Witnessing a toxic relationship also makes us victims

“No, I have never lifted a finger at my children or my partner.”  Unfortunately, this is a very common reaction among addicts or perpetrators of the psychological abuse that leaves no marks, no bruises that serve as evidence of the abuse, the violation, the damage done in the intimacy of the home.

But the fact that no one has been beaten or that there are no visible bruises actually makes the situation even more complicated. In these cases, it can be difficult for the victims to see it as abuse. They tend to blame themselves.

And this guilt or responsibility does not just grow in the victim. It also grows in the child. Like the witness who is always present, the child also experiences the same feeling. Because the child is just a passenger on this train full of pain, on this track that takes everyone to the same place.

We should not forget that, as Piaget explained in his theory of children’s cognitive development,  children from 2 to 7 have a self-centered focus where the world revolves around them. Because of this, the child will feel that their father or mother’s pain, along with all the shouting and arguing, is happening because of something the child did.

Children are crying

As a result, and it is important that we keep this in mind, at the core of a toxic relationship where there are children, they are also victims. It does not matter if they are standing behind a door and do not see anything, or if they still do not know how to walk, read, cycle or know the name of the constellations that they can see in the window every night.

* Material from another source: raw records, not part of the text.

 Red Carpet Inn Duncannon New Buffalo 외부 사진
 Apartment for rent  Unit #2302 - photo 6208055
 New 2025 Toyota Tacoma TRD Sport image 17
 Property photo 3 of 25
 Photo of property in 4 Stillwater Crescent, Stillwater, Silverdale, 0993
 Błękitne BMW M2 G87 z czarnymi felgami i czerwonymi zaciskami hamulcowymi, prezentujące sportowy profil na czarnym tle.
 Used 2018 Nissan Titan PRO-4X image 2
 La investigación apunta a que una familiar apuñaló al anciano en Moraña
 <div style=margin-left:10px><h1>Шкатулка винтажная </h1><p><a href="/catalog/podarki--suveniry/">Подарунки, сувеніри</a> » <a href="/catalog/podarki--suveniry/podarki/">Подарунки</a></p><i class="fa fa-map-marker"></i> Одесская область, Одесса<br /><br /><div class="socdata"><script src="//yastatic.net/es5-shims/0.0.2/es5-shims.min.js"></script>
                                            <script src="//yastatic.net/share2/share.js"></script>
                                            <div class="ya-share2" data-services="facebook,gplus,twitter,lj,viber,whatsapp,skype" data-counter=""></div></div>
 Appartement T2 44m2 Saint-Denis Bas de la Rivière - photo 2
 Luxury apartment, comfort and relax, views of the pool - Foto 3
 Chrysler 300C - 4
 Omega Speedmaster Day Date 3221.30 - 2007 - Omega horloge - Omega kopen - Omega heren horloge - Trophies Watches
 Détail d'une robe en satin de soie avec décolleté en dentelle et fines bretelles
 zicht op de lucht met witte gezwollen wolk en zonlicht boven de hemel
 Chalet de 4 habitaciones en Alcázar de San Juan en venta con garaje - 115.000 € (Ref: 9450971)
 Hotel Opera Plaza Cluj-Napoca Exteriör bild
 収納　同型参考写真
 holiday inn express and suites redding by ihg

Children listen and feel, they interpret the world in their own way, and as a result, few things can be as devastating to their childhood as growing up in an environment that has such a neurotic, destructive emotional backdrop.

To survive with our parents’ toxic relationships

Sometimes both members of the relationship contribute to a toxic relationship. There are people who are not able to build a stable psychological and emotional environment. They are characterized by going back and forth between devotion and aggression, closeness and cruelty. This creates a very dysfunctional situation for them and especially for all children involved.

Offensive relationships come in many shapes and sizes. They exist in all socioeconomic classes. But the true victims of these emotional mazes are children. Because building one’s own identity in a context characterized by abuse is often how the cycle of violence begins. We should not forget that people tend to repeat the psychological patterns and behavioral patterns to which they are accustomed.

Children and cat

And so, far from surviving with our parents’ toxic relationships, all of the above means that we ( perhaps ) become new victims or perpetrators ourselves, because we have internalized the same emotional language. To counteract this effect and end the cycle of abuse, we need the right tools. Children who have seen these dynamics need help, probably therapy. The parents do too.

Because if there is one thing that every child deserves, it is the chance to live in a non-violent environment. They deserve to be taught how to live well. They must be brought up with consistency and respect. And most of all, they deserve a beautiful relationship with parents who know how to be affectionate, who are able to love.